ADOS is a semi-structured, standardized diagnostic tool for ASD [23]. Each module covers four areas: social interaction, communication, play, and imagination. The diagnostic score differs based on the module selected and the age of the individuals suspected of having ASD. The results are classified into three categories: typical autism, ASD, and non-ASD.

Gesell developmental scale (GDS)

GDS is a tool that assesses development; it is suitable for children aged 0–6 years. It comprises five items: adaptive behavior, gross motor, fine motor, language, and personal social behavior [28, 29]. The developmental quotient is classified into three types: normal (≥ 85), borderline (76–84), or delayed (≤ 75).

Infant-junior Middle School Student’s ability of Social Life Scale (SM)

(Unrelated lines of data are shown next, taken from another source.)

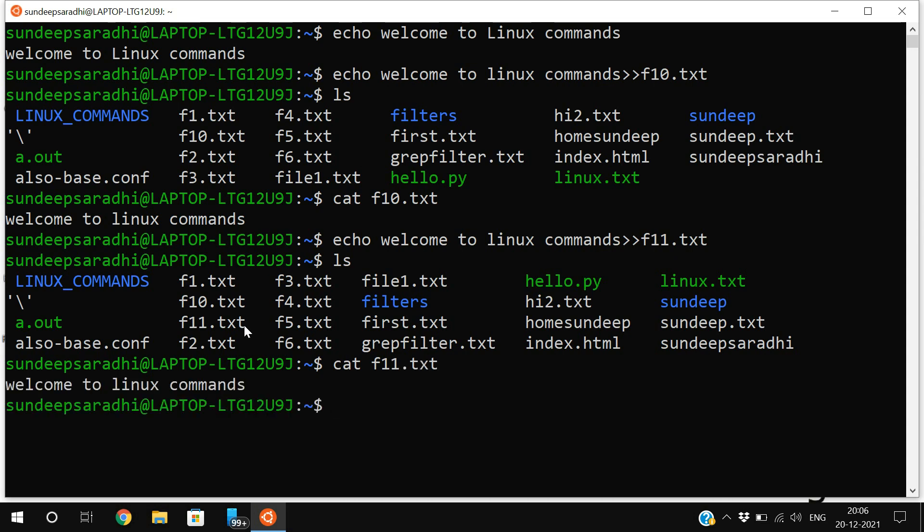One thing: if you are not using any redirection symbols, the text will be printed on the screen. If you are using the redirection symbol, the content will be saved into this particular file. In shell scripting we use variables.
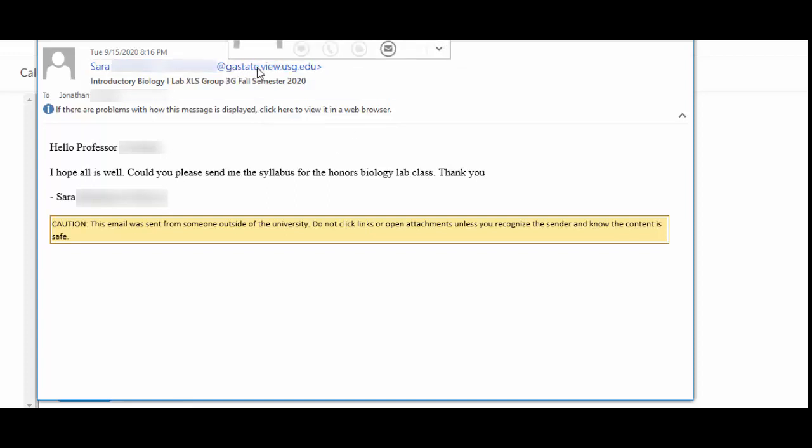Anytime you see that georgiastate.view, that means it's a trap. Okay, you can't reply to this email. It's just letting you know you've got an email and what the text of the email was. And then you got to actually go back into iCollege to reply to the email.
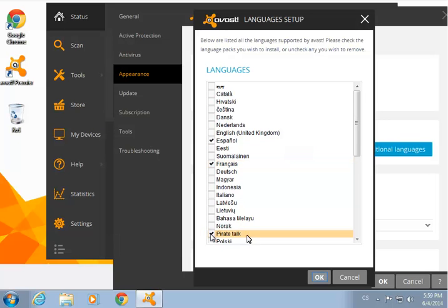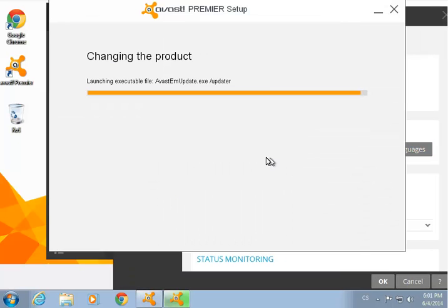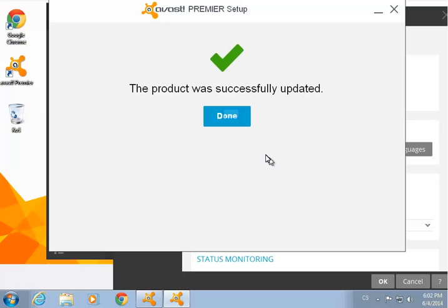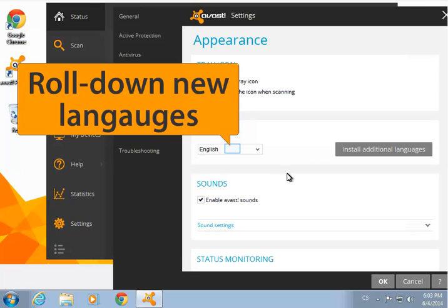Choose as many as you like and click OK. The languages will be added to the program. Once it's complete, go back to the Appearance menu and select the one you want.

The SM is a scale that assesses adaptive ability; it is suitable for children aged 6 months–14 years; it comprises 132 items [30]. A standard score of  8 indicates deficiencies, 9 indicates borderline deficiencies, 10 indicates normal, and  11 indicates excellent.

Statistical analysis

SPSS software (version 26.0, Inc., USA) was used to perform statistical analysis. Data normality was assessed using the Shapiro–Wilk or Kolmogorov–Smirnov test. Continuous variables were expressed as the mean ± standard deviation (variables match the normal distribution) or medians (interquartile ranges) (variables do not match the positive distribution). Categorical variables were presented as n (%). The chi-squared test, Mann–Whitney test, and independent samples t-test were used to determine differences among groups. Furthermore, to compare the scale scores between children with regressive and non-regressive ASD, multiple linear regression models, adjusted for age and sex, were used. Finally, the changes in the scale scores of children with ASD before and after intervention were determined using paired sample t-tests (changes match the normal distribution) or paired sample Wilcoxon signed-rank tests (changes do not match the normal distribution). P < 0.05 was considered to indicate statistical significance.

Results

Demographic characteristics

A total of 370 children with ASD whose ages ranged from 1.5 to 7 years, with an average age of 3.69 ± 1.00 years, were enrolled in the present study (Fig. 1). Among them, 287 were males and 83 were females, yielding a male: female ratio of 3.46:1. Out of the 370 patients, 105 (28.38%) were classified as having regressive ASD, whereas the remaining 265 (71.62%) were classified as having non-regressive ASD. The average age of the onset of regression was 22.34 ± 5.67 months. No significant differences were observed between the two groups regarding age (P = 0.054), gender (P = 0.689), ethnicity (P = 0.208), residence (P = 0.150), mother’s education level (P = 0.263), and annual family income (P = 0.130) (Table 1).

Fig. 1
figure 1

Flowchart depicting the inclusion of the study participants. R, regressive group; NR, non-regressive group

Table 1 Comparison of basic demographic characteristics between R-ASD and NR-ASD

General description of developmental regression

Developmental regression in children with regressive ASD primarily manifested in orienting to name and direct gazing, as well as multiple social aspects and language skills. Specifically, 85 (80.95%) patients showed regression in orienting to name, whereas 84 (80.00%) showed regression in direct gazing. Additionally, language regression was prevalent, with 62 (59.05%) patients experiencing regression in speaking phrases composed of at least five words and 34 (32.38%) patients experiencing regression in speaking phrases composed of two–three words. Moreover, other social regressions included 59 (56.19%) patients of regression in social games/play, 44 (41.90%) of interest/watches in children, 32 (30.48%) of social smiling, and 21 (20.00%) of nonverbal communication. Regression in the spontaneous imitation of actions was observed in 22 (20.95%) patients, whereas regression in exhibiting gross motor skills was observed in 8 (7.62%). Additionally, minor regressions were observed in showing and paying direct attention to objects, asking for help, being quieter than other children, imaginative/pretend playing, and offering to share (Table 2)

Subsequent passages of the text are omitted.